━━━ EXERCISE DATA ━━━

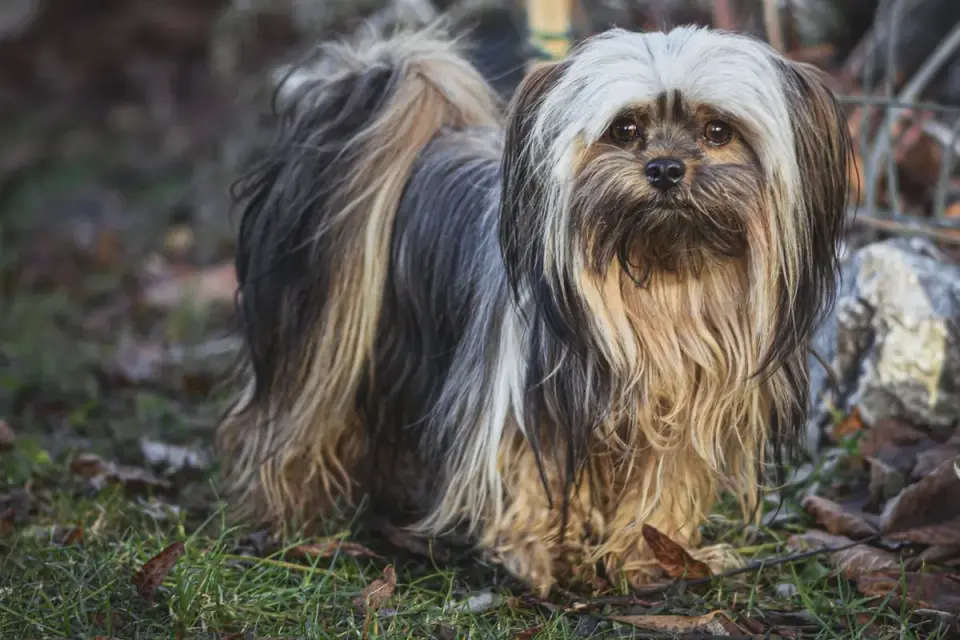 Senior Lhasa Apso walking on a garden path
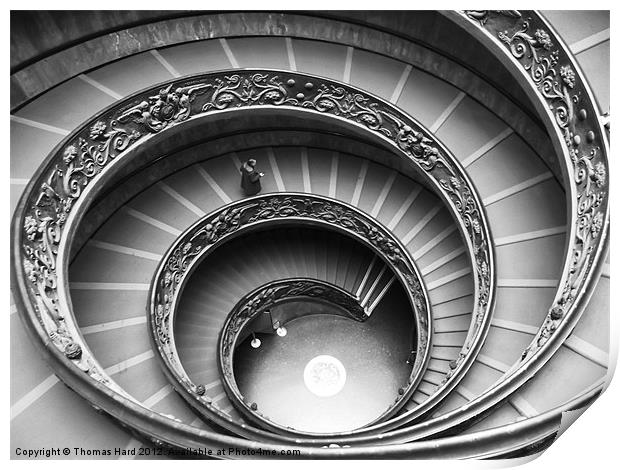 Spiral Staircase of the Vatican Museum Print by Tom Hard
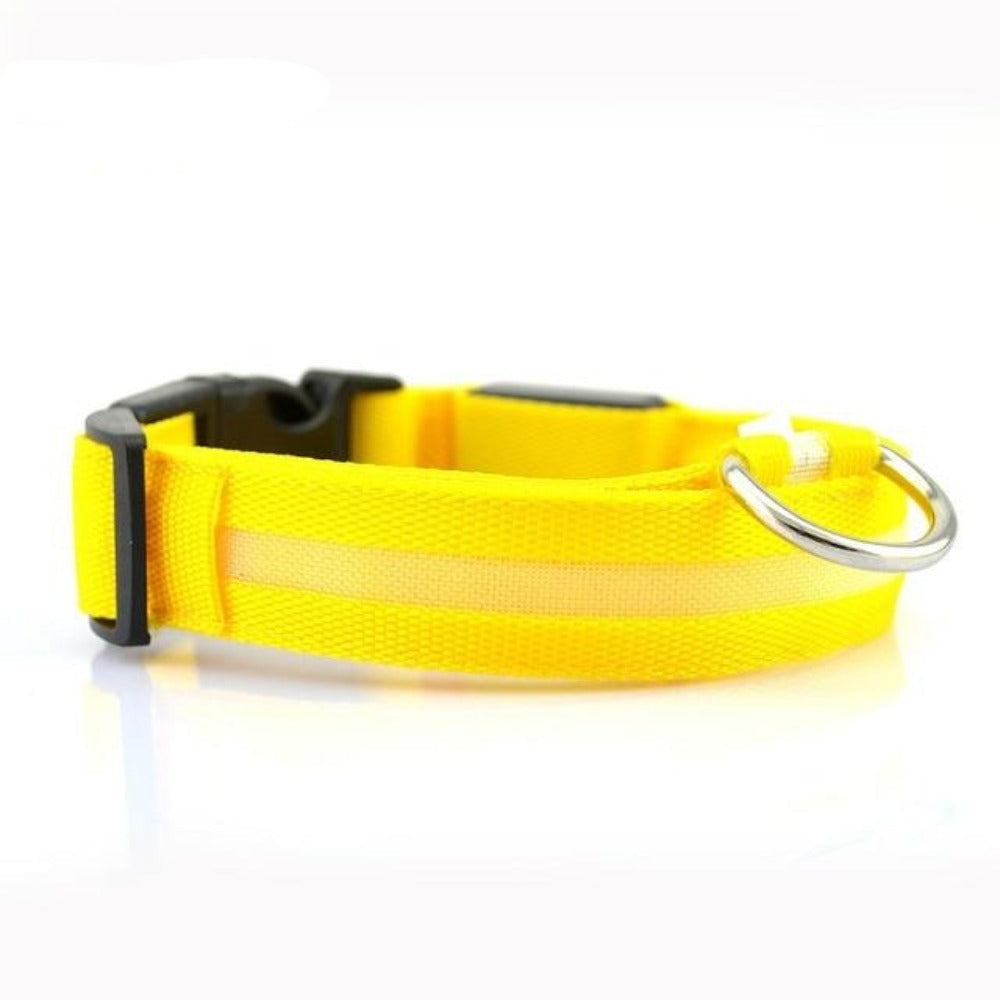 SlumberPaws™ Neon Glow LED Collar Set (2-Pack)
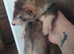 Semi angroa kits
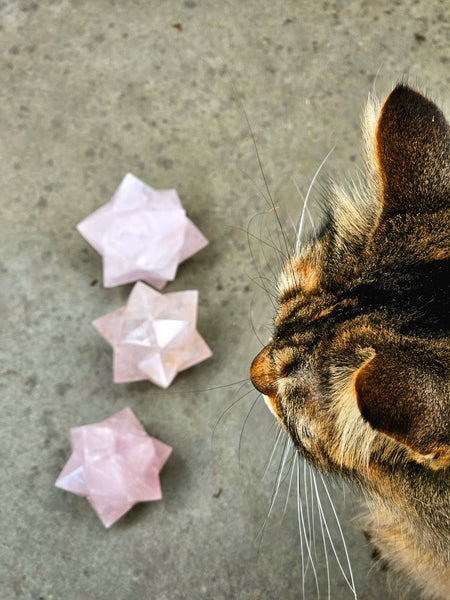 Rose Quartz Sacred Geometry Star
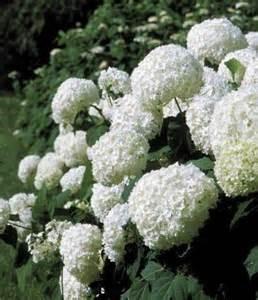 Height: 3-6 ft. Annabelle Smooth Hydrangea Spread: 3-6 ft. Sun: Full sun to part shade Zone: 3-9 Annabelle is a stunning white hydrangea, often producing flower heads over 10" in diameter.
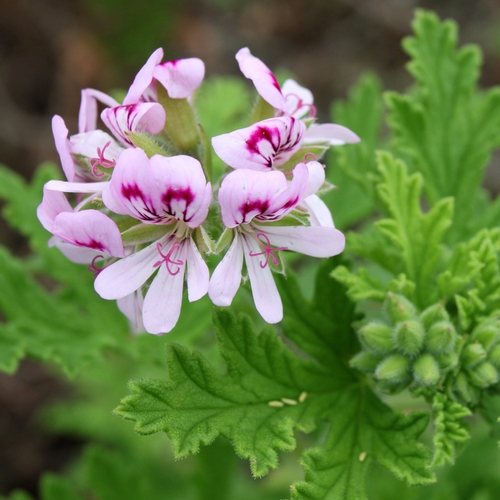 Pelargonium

━━━

TASK TO COMPLETE. Please transcribe the whole listing above exactly, with the images left out.

RESULT FOR THIS EXERCISE.
 Senior Lhasa Apso walking on a garden path
 Spiral Staircase of the Vatican Museum Print by Tom Hard
 SlumberPaws™ Neon Glow LED Collar Set (2-Pack)
 Semi angroa kits
 Rose Quartz Sacred Geometry Star
 Height: 3-6 ft. Annabelle Smooth Hydrangea Spread: 3-6 ft. Sun: Full sun to part shade Zone: 3-9 Annabelle is a stunning white hydrangea, often producing flower heads over 10" in diameter.
 Pelargonium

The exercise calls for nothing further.